JulietRosenfeld · 17/06/2020 22:26

@Charley50

My dearly loved brother took his own life many years ago in his twenties. I grieved deeply and then assimilated my grief and I'm fine now. I remember him fondly and without much pain any more (unless I want to, then I listen to certain songs, or look at photos, or read his letters).

However I feel like I will never grieve for anyone else like how I grieved for him. I have had other friends and family die since then and not felt much at all. Is this common? Sometimes I feel like I must be a sociopath. I actuality worry about this.

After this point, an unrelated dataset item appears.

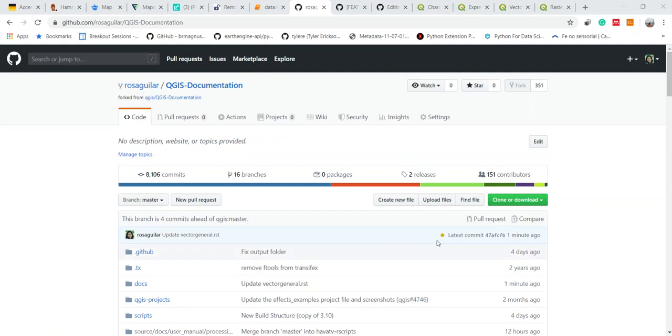After a while I can see that my branch is already ahead of master so I can create a pull request.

Dear Charley50 You suffered such a loss which it sounds as if - from your lovely and succinct writing. - you have very appropriately mourned.

I had a thought which might feel right - or not. - which is that given what a momentous loss you suffered so early on - is it possible that despite. your dear brother taking his life and causing you such grief that he nevertheless left you a gift, which was of being able to tolerate subsequent losses without having to go back to such intense deep grief. Maybe once in a lifetime is enough for you. It's just a thought not a theory but I hope you might find it helpful. Sending you my very best Juliet

Experts' posts:
JulietRosenfeld · 17/06/2020 22:27

Goodbye everyone who has joined this thread, either writing or reading. - I am signing off now and it has been my privilege to be here and read your messages and questions, Juliet

Experts' posts:
colouringindoors · 17/06/2020 22:28

So many awfully sad stories about the devastation of suicide 😪

colouringindoors · 17/06/2020 22:29

thank you.

JulietRosenfeld · 17/06/2020 22:29

@colouringindoors

So many awfully sad stories about the devastation of suicide 😪
Couldn't leave without replying, yes I do agree. So very, very sad. Thanks @ colouring indoors.
Experts' posts:
BojanaMumsnet · 17/06/2020 22:35

Huge thanks to Juliet for joining us tonight and also to everyone who posted on the webchat. I hope you found it helpful. We're going to close the webchat to new posts now.